* _REQUIRED ACTION_
Once the line with "I don't want" is found, write it out along with every line after it, exactly, up to the last line of the entries below. Exclude pictures.

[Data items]
+ + + +

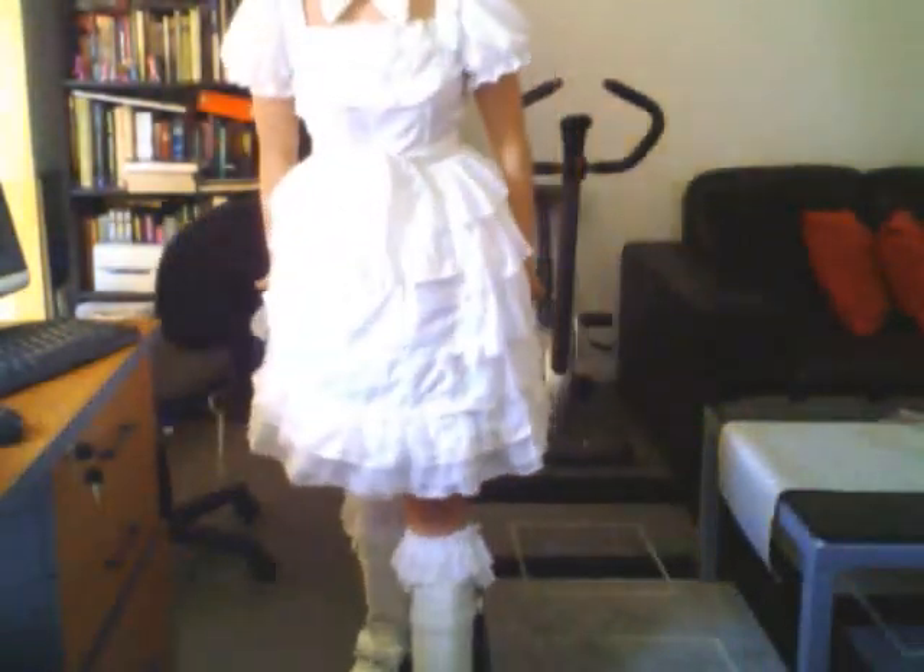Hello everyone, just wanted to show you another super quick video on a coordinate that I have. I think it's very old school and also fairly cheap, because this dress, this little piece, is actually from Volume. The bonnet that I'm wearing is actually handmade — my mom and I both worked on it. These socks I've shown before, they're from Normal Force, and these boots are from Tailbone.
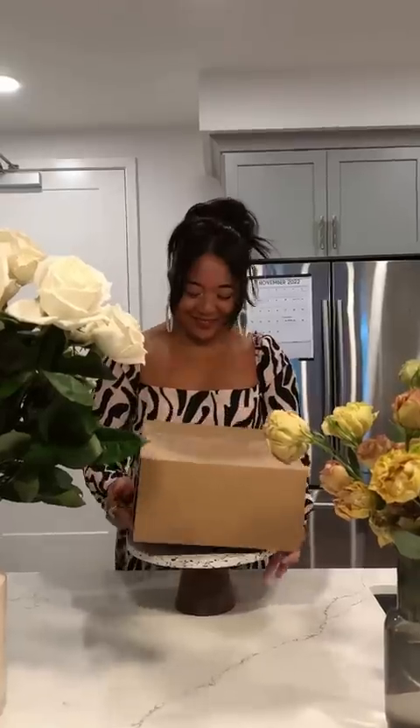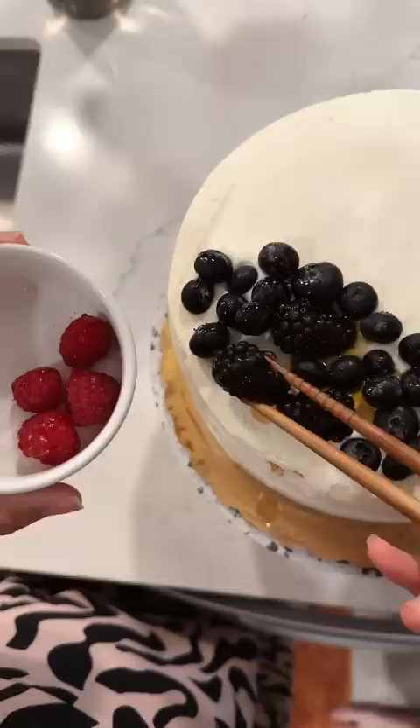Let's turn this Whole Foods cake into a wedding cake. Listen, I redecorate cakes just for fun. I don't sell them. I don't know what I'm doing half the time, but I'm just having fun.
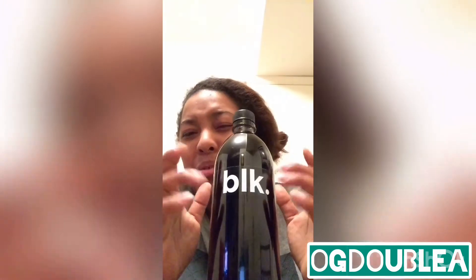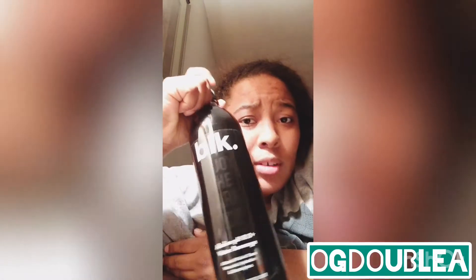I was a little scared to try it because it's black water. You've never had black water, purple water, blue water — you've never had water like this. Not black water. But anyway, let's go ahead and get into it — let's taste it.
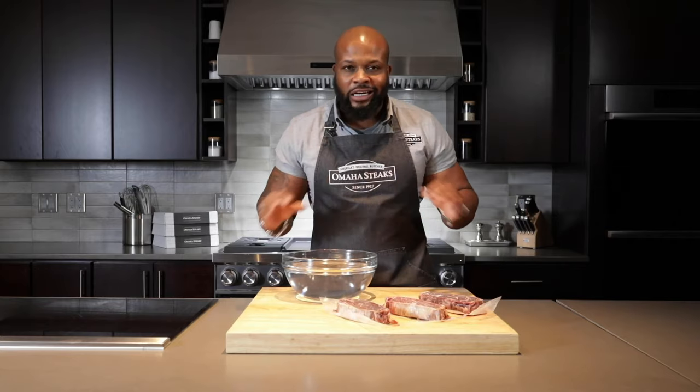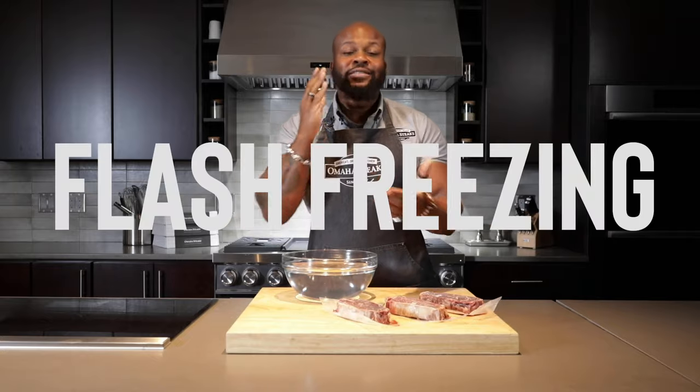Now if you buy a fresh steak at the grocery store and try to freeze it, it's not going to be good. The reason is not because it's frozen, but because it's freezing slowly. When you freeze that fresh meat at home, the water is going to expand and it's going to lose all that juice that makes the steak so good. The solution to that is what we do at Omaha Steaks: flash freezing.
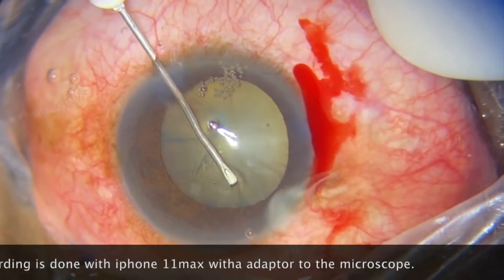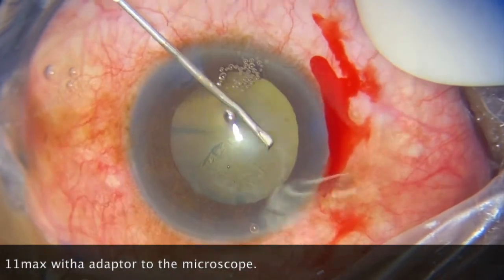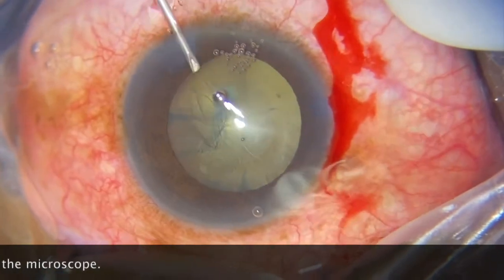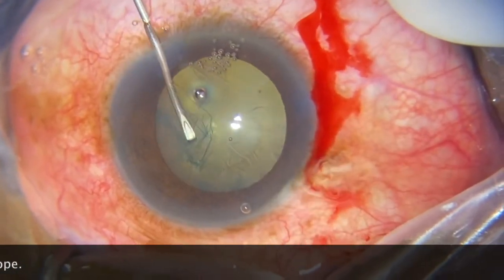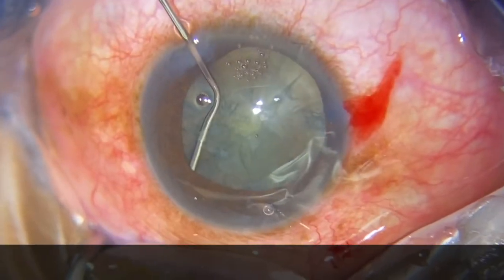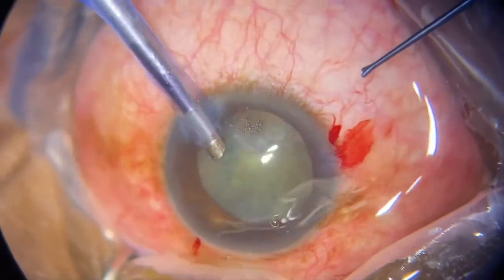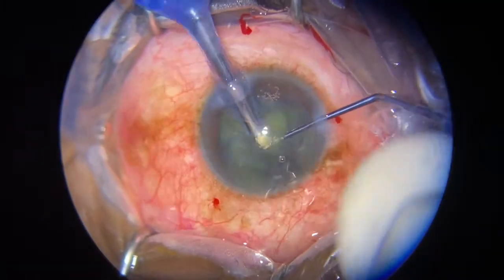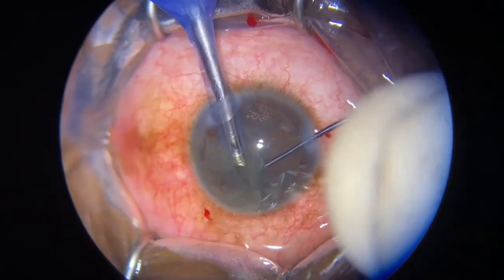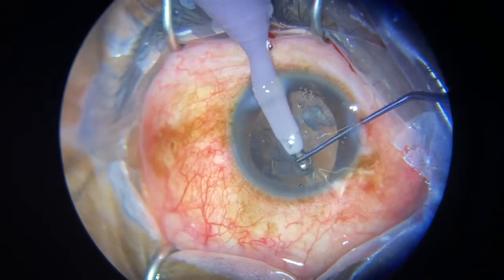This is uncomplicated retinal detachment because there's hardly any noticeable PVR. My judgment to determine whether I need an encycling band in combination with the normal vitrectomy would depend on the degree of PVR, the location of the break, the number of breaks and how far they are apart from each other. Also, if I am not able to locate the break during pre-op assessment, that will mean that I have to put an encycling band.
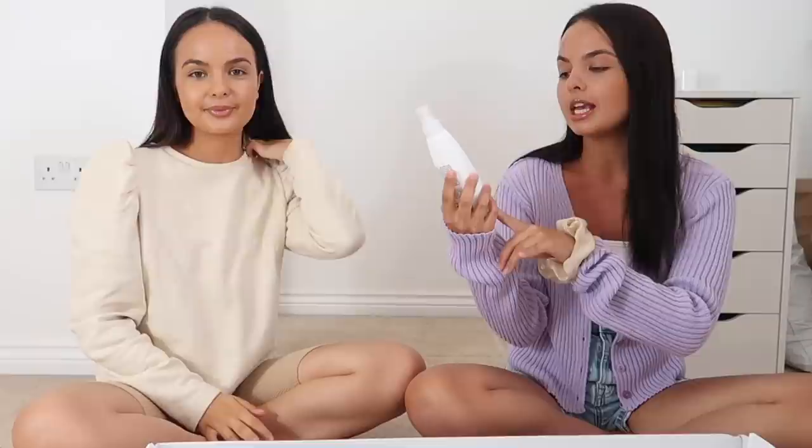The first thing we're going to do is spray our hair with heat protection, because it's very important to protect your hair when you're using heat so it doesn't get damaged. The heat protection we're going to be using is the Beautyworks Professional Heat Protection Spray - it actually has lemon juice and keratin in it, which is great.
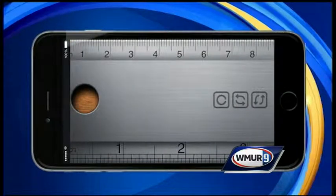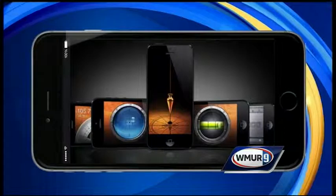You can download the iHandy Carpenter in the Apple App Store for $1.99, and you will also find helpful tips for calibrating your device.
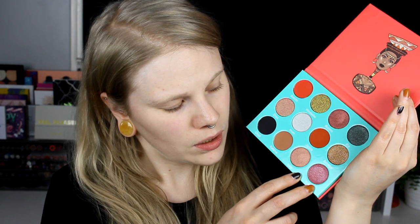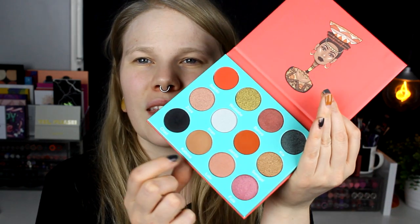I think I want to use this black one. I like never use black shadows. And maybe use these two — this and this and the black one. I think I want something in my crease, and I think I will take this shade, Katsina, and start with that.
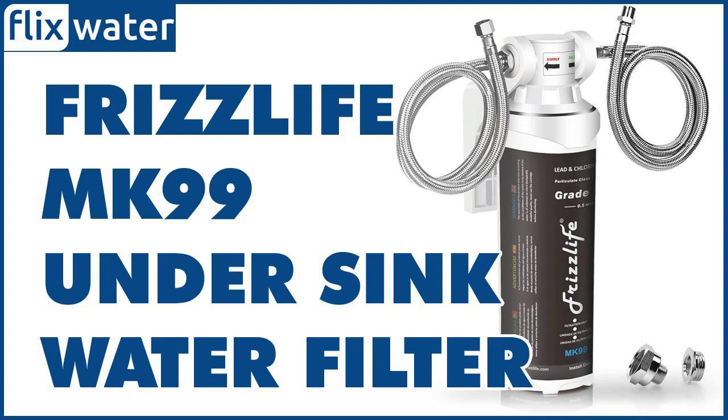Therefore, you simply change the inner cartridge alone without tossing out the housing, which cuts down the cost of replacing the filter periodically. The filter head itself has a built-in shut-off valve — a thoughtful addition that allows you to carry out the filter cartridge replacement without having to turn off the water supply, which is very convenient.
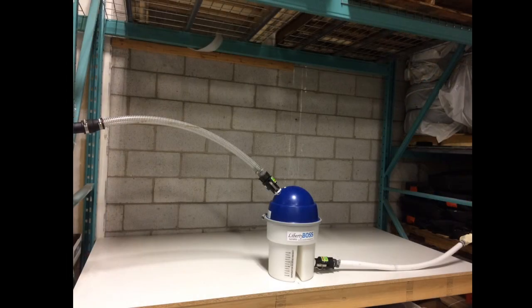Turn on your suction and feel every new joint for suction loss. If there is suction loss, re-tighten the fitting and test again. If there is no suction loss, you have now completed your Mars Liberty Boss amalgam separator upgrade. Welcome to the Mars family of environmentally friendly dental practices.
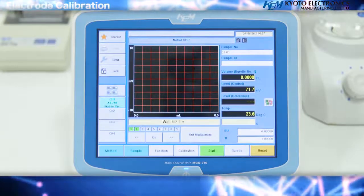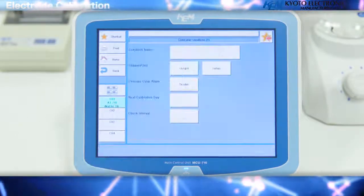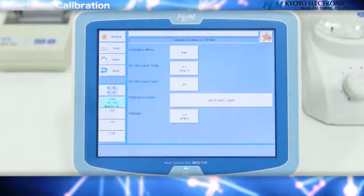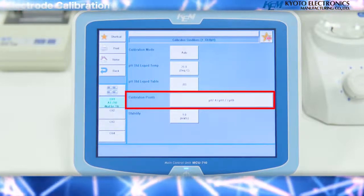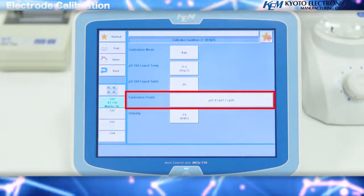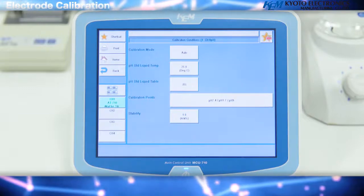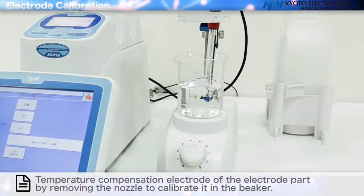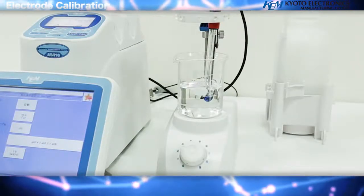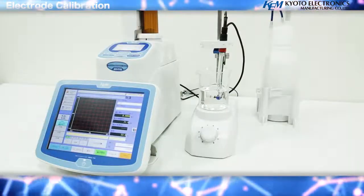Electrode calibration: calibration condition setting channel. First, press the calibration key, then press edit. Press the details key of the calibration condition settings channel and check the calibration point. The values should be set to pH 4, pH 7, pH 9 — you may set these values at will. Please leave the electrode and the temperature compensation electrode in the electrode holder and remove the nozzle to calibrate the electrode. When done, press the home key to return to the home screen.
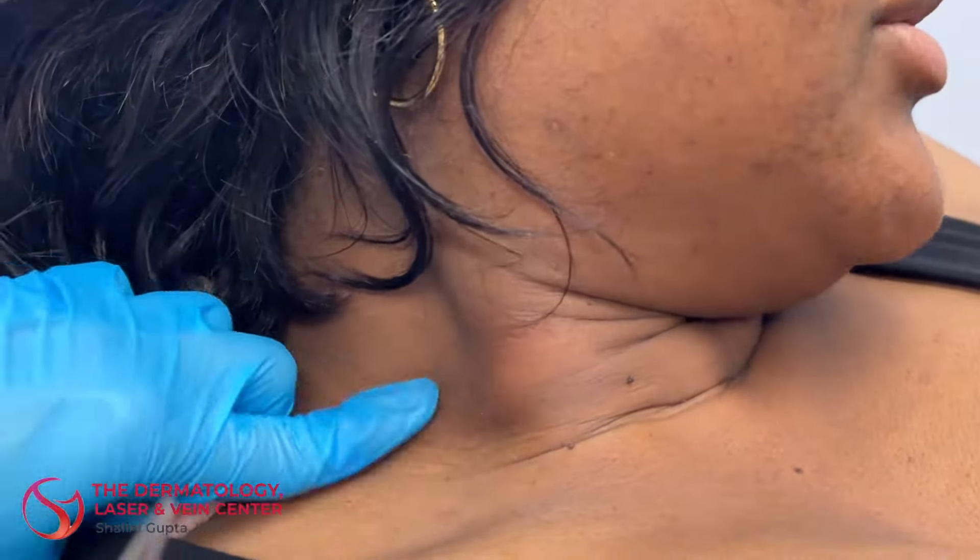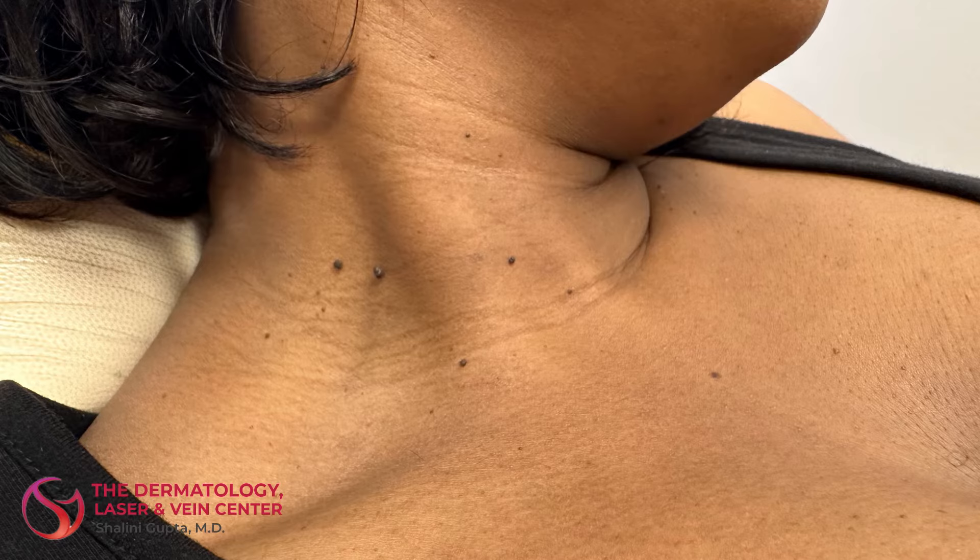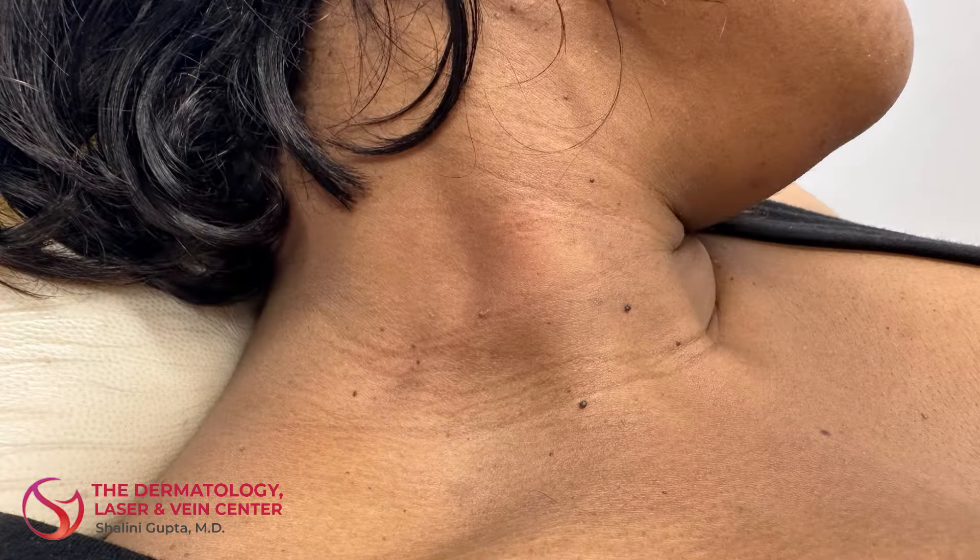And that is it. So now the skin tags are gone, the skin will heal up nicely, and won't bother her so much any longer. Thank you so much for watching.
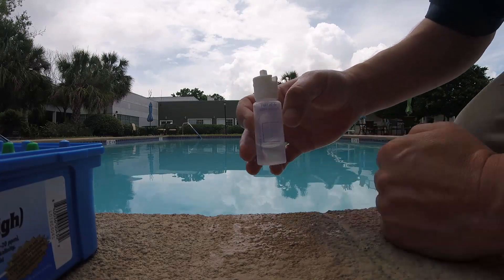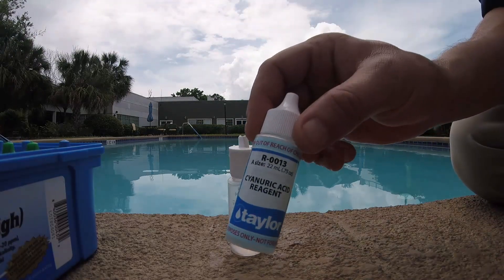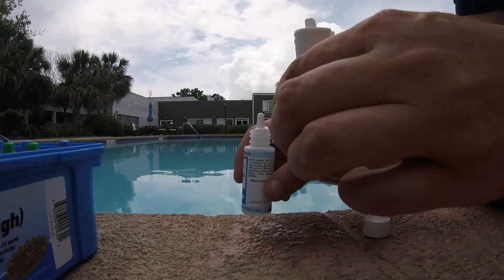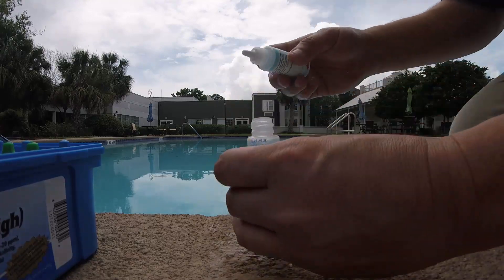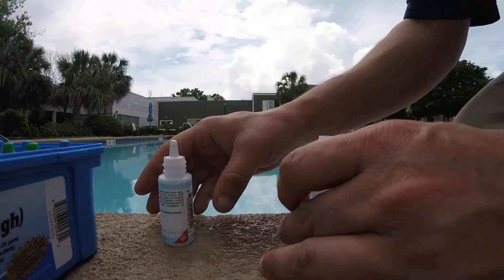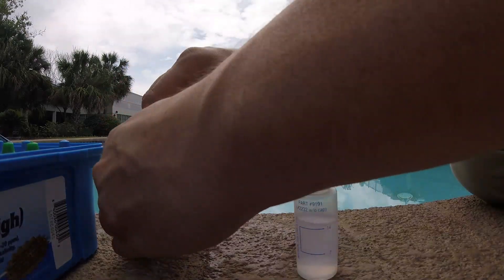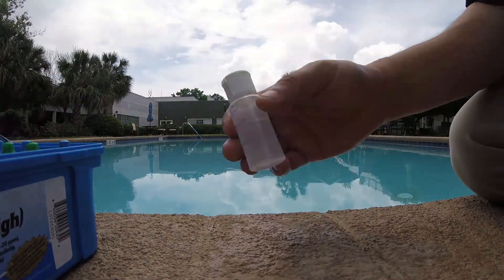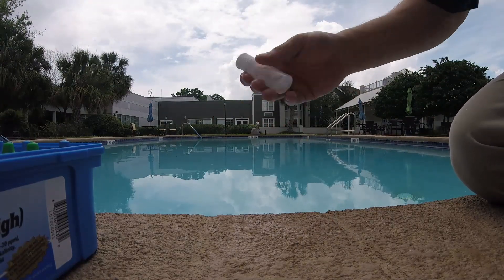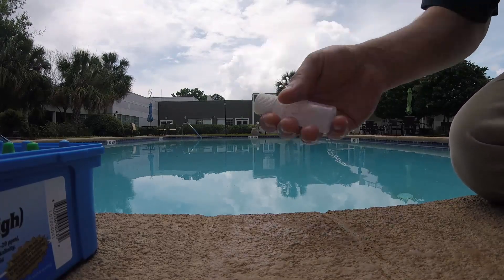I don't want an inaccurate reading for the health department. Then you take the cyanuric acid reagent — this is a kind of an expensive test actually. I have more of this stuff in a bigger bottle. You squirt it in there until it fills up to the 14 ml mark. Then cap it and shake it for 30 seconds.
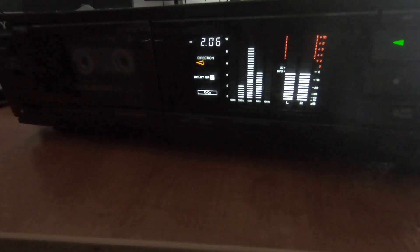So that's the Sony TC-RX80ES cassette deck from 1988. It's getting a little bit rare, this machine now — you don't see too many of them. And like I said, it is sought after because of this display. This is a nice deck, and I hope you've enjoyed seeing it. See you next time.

+ + + +

* _YOUR SOLUTION_
I don't want an inaccurate reading for the health department. Then you take the cyanuric acid reagent — this is a kind of an expensive test actually. I have more of this stuff in a bigger bottle. You squirt it in there until it fills up to the 14 ml mark. Then cap it and shake it for 30 seconds.
So that's the Sony TC-RX80ES cassette deck from 1988. It's getting a little bit rare, this machine now — you don't see too many of them. And like I said, it is sought after because of this display. This is a nice deck, and I hope you've enjoyed seeing it. See you next time.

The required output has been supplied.